Eval: Performance Overhead

⏳ Estimated Completion Time: 15 minutes.

🎯 Goal

This evaluation measures the runtime overhead introduced by TrainCheck’s instrumentation compared to un-instrumented runs across a set of representative ML workloads, during the invariant checking stage. The results correspond to Section 5.5 of the paper.

📂 Resources & Scripts

Files described below are all in the TrainCheck-Evaluation-Workloads repo.

Automation Scripts:
performance_overhead/ae_perf.sh: End-to-end script for running the performance overhead benchmarks (Section 5.5) and generating Figure 7. It internally calls:
- run_all.xsh: Runs the experiments and collects raw data (per-iteration duration).
- analysis.xsh: Analyzes the raw data and prepares input for plotting.
- plot_e2e.py: Plots the final results.
Workloads (You won't need to touch this):
- Located in overhead-e2e
The deployed 100 invariants: eval_scripts/perf_benchmark/overhead-e2e/sampled_100_invariants.json

🛠 How to Run

Make sure you have a working TrainCheck installation by following TrainCheck Installation Guide.

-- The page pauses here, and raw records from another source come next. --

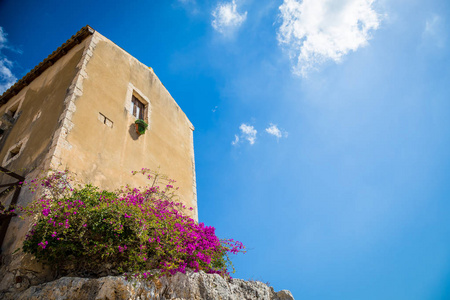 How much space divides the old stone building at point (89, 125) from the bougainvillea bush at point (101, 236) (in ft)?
1.48

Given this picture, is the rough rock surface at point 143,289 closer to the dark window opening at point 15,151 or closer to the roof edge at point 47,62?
the dark window opening at point 15,151

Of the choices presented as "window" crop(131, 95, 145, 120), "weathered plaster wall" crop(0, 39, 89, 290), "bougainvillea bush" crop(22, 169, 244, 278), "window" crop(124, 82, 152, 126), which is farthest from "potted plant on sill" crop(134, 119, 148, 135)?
"bougainvillea bush" crop(22, 169, 244, 278)

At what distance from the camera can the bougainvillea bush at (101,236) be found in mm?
5184

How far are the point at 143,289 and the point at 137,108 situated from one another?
6.70m

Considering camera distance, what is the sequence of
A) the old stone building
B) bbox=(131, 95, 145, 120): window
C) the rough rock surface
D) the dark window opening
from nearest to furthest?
1. the rough rock surface
2. the old stone building
3. the dark window opening
4. bbox=(131, 95, 145, 120): window

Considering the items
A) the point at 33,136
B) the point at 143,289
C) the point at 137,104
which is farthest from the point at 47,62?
the point at 143,289

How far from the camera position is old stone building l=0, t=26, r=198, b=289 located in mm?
6773

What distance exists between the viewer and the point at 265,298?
20.0 feet

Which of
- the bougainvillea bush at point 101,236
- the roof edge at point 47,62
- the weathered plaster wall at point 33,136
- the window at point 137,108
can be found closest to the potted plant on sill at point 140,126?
the window at point 137,108

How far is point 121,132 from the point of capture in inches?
339

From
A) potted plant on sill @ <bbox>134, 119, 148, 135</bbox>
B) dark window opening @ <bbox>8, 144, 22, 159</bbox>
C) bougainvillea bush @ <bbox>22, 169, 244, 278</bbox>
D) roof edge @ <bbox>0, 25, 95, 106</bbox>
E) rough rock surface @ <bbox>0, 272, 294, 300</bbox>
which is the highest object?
roof edge @ <bbox>0, 25, 95, 106</bbox>

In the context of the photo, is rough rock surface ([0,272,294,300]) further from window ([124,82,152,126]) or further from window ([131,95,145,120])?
window ([131,95,145,120])

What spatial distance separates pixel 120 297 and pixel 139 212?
5.27 feet

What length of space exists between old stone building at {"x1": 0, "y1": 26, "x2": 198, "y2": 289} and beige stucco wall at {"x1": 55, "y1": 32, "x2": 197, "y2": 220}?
27 millimetres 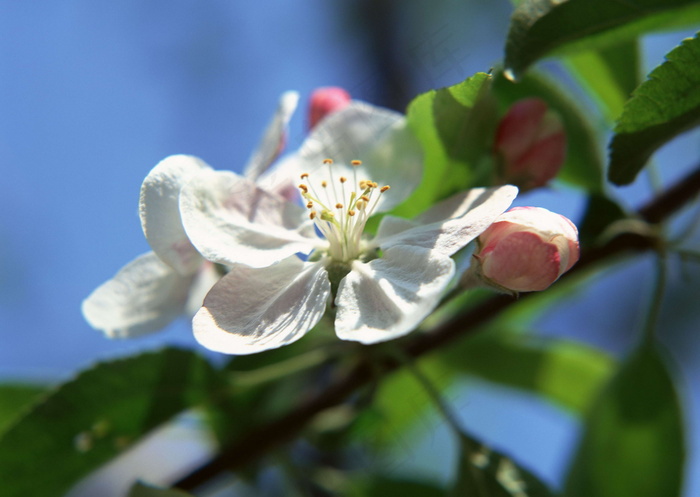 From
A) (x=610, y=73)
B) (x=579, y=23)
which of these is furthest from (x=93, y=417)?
(x=610, y=73)

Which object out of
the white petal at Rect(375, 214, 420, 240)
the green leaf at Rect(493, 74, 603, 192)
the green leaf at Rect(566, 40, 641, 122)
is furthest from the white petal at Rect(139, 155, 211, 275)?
the green leaf at Rect(566, 40, 641, 122)

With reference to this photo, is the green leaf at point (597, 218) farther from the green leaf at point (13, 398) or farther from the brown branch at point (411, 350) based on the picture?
the green leaf at point (13, 398)

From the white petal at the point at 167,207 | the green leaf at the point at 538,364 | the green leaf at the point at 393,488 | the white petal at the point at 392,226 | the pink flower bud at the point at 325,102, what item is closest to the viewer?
the white petal at the point at 167,207

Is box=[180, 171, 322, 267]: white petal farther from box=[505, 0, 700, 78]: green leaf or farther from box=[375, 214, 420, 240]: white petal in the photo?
box=[505, 0, 700, 78]: green leaf

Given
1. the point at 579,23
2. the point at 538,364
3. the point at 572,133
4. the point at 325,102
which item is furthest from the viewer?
the point at 538,364

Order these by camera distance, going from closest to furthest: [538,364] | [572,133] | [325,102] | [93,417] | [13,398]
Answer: [93,417] → [325,102] → [572,133] → [13,398] → [538,364]

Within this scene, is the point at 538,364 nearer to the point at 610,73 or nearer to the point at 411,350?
the point at 411,350

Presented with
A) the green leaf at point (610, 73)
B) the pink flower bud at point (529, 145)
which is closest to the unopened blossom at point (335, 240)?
the pink flower bud at point (529, 145)
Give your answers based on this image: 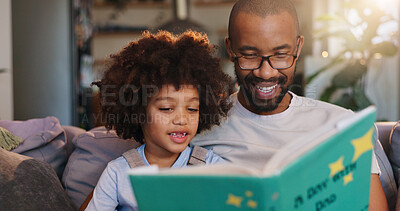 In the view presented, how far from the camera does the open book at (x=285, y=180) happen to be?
0.76m

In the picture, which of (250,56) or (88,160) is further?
(88,160)

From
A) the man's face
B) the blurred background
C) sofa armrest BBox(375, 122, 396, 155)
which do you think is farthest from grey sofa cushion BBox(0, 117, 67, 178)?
the blurred background

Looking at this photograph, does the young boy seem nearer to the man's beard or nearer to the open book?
the man's beard

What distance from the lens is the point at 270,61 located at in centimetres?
138

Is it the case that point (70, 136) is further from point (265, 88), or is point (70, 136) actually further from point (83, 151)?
point (265, 88)

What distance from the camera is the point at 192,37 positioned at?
4.50ft

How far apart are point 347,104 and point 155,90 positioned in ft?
9.45

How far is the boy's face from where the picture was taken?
1258mm

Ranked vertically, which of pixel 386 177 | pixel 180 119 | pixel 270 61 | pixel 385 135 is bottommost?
pixel 386 177

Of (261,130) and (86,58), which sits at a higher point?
(86,58)

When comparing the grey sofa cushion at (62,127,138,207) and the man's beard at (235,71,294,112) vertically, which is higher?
the man's beard at (235,71,294,112)

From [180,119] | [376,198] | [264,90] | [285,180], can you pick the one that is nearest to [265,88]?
[264,90]

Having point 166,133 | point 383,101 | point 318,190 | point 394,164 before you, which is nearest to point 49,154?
point 166,133

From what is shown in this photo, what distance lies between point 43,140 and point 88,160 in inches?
6.9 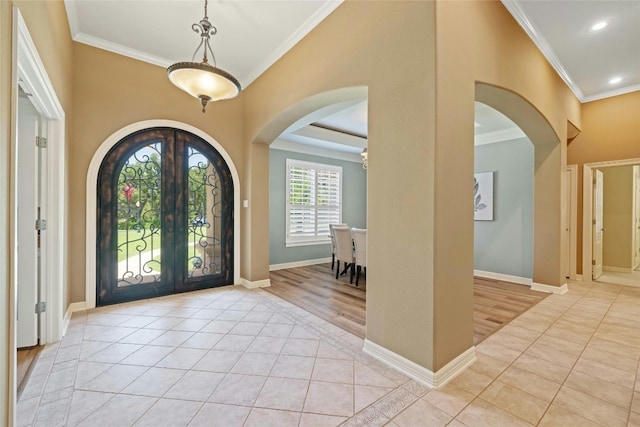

All steps described below assumes you are already in the TrainCheck-Evaluation-Workloads repo. If not, clone the repository and go to it.
git clone https://github.com/OrderLab/TrainCheck-Evaluation-Workloads.git
cd TrainCheck-Evaluation-Workloads

Execute ae_perf.sh.

conda activate traincheck
cd performance_overhead

bash ae_perf.sh

🧑‍💻 Expected Output

After execution completes, a plot will be generated at performance_ae.pdf. All the raw data are stored at a folder named perf_res_ae.

🧐 How to Verify

Open the generated file performance_ae.pdf and compare it against Figure 7 in the paper.
Small differences in the overhead numbers (within ±20%) are expected. TrainCheck’s overhead is sensitive to CPU performance, since trace serialization is blocking and CPU-bound.
Despite minor variations, the key takeaway should remain clear: TrainCheck’s selective instrumentation incurs significantly lower overhead compared to other methods.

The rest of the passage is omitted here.